Она забрала кастрюлю сама, пошла на кухню через лужайку. Любаша поплелась рядом. Там бабушка с громким стуком, всё ещё в сердцах, поставила кастрюлю на стол.
— Что теперь Ивану-то Романычу скажем? Он ведь не похвалит, нет.
А Любаша и сама знала, что не похвалит. За что ему теперь Любашу хвалить? Не за что.
Она села на скамейку, вздохнула, но бабушка сказала:
— Вздыхать нечего, берись за дело. Аханьем да воздыханием беды не исправить.
И Любаша принялась за дело, да только теперь у неё всё валилось из рук. Стала доставать из корзины соль, чуть не опрокинула банку. Стала вынимать спички из коробки — спички рассыпала.
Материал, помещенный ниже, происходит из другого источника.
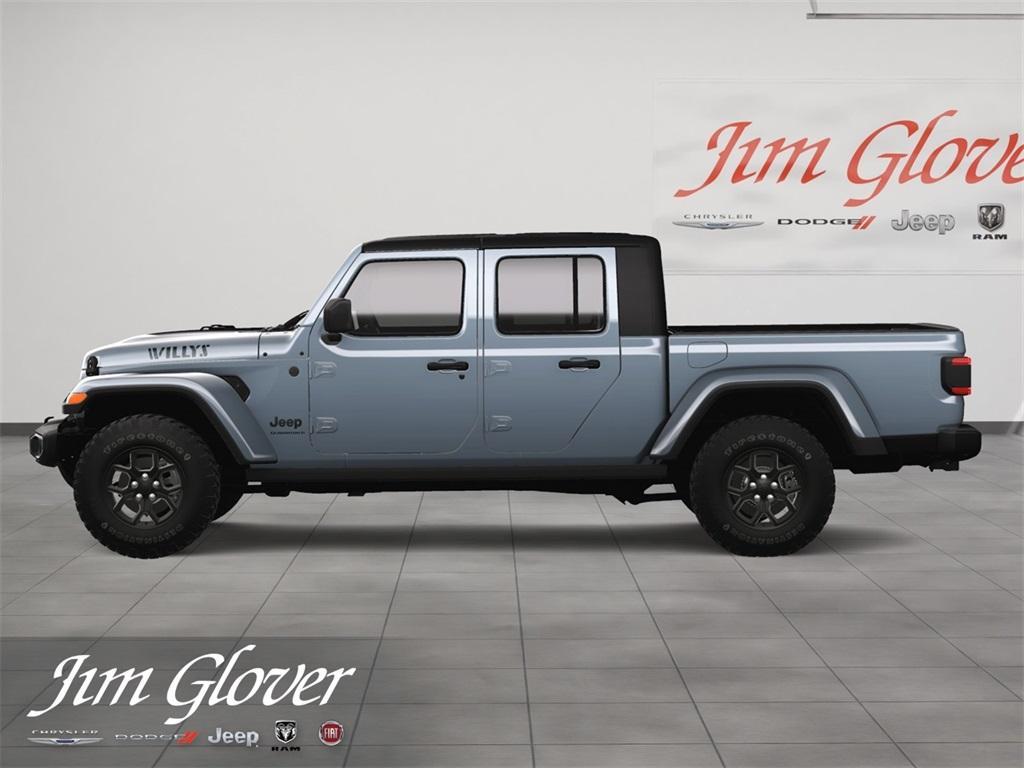 new 2025 Jeep Gladiator car, priced at $44,980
— Сама управлюсь. Ладно… — махнула бабушка и сама растопила печку, сама поставила картошку на огонь, сама принялась резать на сковородку розовое, крепкое сало. А Любаша прислушивалась к гулу комбайнов, думала об одном:
«Вот придут сейчас комбайнёры, придёт Иван Романыч, про всё узнает и сразу скажет: «Ну, ясно-понятно! Никакая ты не Любовь Николаевна, а как была чижиком, так чижиком и осталась. У тебя только и уменья, что государственные вёдра в колодце топить!» Он прямо так и скажет — государственные! — как сказал шофёру Петеньке про буханки. И, наверняка, так же вот потом нахмурится и сердито замолчит, и куда ей, Любаше, тогда деваться? Хоть пешком уходи обратно в село…
Но в селе, наверное, давно известно, что Любаша уехала с бабушкой кормить комбайнёров. И, конечно, кто-нибудь да и спросит: «Ну как? Накормила? Съездила?», и это будет уже совсем великая-превеликая стыдобушка».
Она поглядела в ту сторону, куда убегала дорога. Там, за жарким полем, стоял хмурый лес. За лесом подымались голубоватые холмы, и на одном, на самом далёком, холме чуть виднелись крошечные домики села, и Любаше стало от этого ещё тоскливее.